## INSTRUCTIONS TO FOLLOW
One part of the entries below is wanted: the lines from the one containing "Meine Quinceañera Glitter-Rosa" through the one containing "Financial perspective multi". Write those out exactly and nothing else.
============================================================
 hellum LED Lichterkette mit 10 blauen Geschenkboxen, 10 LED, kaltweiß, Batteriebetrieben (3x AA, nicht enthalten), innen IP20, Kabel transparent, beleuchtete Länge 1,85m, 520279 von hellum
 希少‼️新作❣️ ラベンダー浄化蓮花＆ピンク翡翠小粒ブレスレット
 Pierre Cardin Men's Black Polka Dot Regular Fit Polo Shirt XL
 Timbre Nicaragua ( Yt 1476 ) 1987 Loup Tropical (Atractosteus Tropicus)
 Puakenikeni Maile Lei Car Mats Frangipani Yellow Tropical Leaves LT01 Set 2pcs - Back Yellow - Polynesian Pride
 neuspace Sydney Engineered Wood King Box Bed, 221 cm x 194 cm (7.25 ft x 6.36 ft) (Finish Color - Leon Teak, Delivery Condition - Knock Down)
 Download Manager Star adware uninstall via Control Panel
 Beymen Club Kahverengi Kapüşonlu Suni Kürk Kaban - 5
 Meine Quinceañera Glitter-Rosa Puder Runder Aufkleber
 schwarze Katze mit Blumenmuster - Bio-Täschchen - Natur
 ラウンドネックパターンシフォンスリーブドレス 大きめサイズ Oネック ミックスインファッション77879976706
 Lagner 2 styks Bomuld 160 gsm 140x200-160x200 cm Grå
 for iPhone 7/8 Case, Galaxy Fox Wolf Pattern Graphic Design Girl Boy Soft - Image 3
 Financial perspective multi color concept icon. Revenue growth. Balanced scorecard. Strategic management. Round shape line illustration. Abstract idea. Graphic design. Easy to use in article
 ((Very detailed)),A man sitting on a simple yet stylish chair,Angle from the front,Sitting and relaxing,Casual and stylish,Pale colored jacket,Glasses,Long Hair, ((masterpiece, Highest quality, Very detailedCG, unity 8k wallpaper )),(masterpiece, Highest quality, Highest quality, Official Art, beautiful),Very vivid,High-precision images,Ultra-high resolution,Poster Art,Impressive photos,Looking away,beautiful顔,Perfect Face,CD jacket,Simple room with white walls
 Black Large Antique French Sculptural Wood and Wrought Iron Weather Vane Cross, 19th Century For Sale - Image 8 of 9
============================================================
## ANSWER
 Meine Quinceañera Glitter-Rosa Puder Runder Aufkleber
 schwarze Katze mit Blumenmuster - Bio-Täschchen - Natur
 ラウンドネックパターンシフォンスリーブドレス 大きめサイズ Oネック ミックスインファッション77879976706
 Lagner 2 styks Bomuld 160 gsm 140x200-160x200 cm Grå
 for iPhone 7/8 Case, Galaxy Fox Wolf Pattern Graphic Design Girl Boy Soft - Image 3
 Financial perspective multi color concept icon. Revenue growth. Balanced scorecard. Strategic management. Round shape line illustration. Abstract idea. Graphic design. Easy to use in article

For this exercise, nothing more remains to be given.